A blog examining middle grade lit, school librarianship, education and many things bookish!
Saturday, July 28, 2007
The Garden of Eve
Tuesday, July 24, 2007
The Babysitting Wars
Kaitlyn, Maggie and Liesel are best friends. They have lived in Marshfield Lake forever, and each are known for something special. Maggie is a super athlete, Liesel is a great artist, and Kaitlyn is a fantastic babysitter, who just happens to have a bit of a competitive streak.
One day at lunch, Maggie invites new girl Nola over to their lunch table. Nola's from L.A. and you can definitely tell. Her clothes are always perfect and there is something competitive about her that Kaitlyn doesn't like.
Kaitlyn definitely decides that Nola is not to be liked when she not only starts taking over Kaitlyn's babysitting gigs, but is also seen nose to nose with resident hottie Topher Walker.
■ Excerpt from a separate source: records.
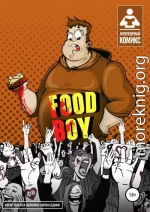 Food-Boy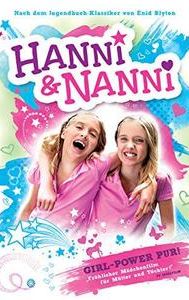 Hanni and Nanni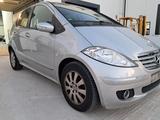 Mercedes-Benz A 180 A -Klasse A 180 CDI Elegance - gebrauchte Mercedes-Benz A 180 aus dem Jahr 2005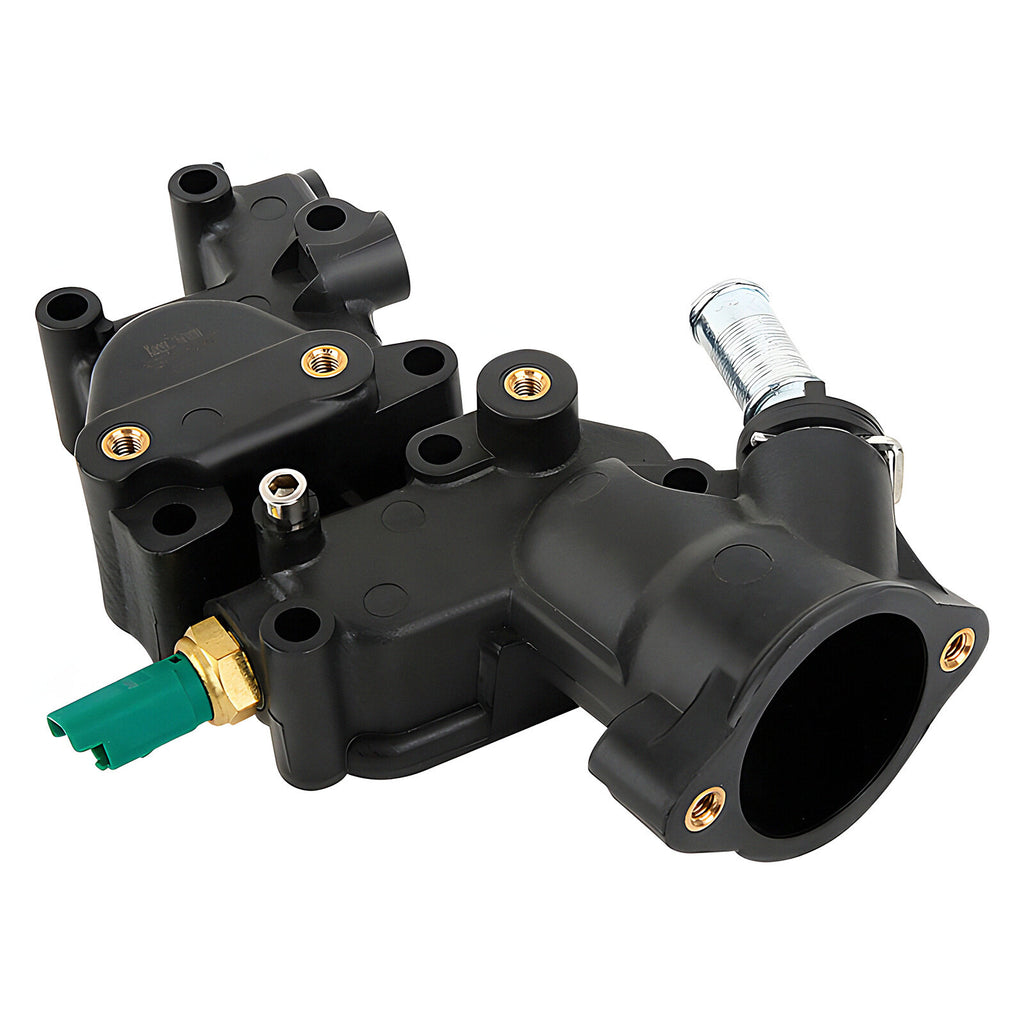Toma de Agua Housing KEEP ON GREEN KGT-1338-NS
How far will Kaitlyn go to one-up Nola? How long can her friends stand her blowing them off in the name of competition?
This is a super cutie patootie title that is a breeze to read. It's chock full of tween girl issues like crushes, being grounded, and friendship. Candy Apple seems to be Scholastic's latest tween series. And with a cover like this, how can it miss? Each title is written by a different author. This one is by Mimi McCoy, and there are others by Laura Dower, Francesco Sedita, Lisa Papdemetriou, and Lara Bergen. Perhaps you've heard of a couple of them?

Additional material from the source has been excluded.